START EXCERPTED DATA

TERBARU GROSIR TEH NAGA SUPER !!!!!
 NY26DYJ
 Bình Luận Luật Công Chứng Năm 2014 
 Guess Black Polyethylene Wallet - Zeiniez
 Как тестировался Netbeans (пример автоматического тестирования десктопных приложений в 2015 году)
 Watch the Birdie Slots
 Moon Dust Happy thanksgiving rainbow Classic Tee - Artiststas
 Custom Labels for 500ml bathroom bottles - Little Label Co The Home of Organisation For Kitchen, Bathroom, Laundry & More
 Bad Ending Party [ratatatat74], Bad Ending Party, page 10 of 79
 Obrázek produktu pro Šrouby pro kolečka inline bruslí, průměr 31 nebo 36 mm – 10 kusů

END EXCERPTED DATA

YOUR INSTRUCTIONS:
What are the lines from the one with "Watch the Birdie Slots" through the last line of the records above? Quote them exactly and add nothing.

ANSWER TO THE EXERCISE:
 Watch the Birdie Slots
 Moon Dust Happy thanksgiving rainbow Classic Tee - Artiststas
 Custom Labels for 500ml bathroom bottles - Little Label Co The Home of Organisation For Kitchen, Bathroom, Laundry & More
 Bad Ending Party [ratatatat74], Bad Ending Party, page 10 of 79
 Obrázek produktu pro Šrouby pro kolečka inline bruslí, průměr 31 nebo 36 mm – 10 kusů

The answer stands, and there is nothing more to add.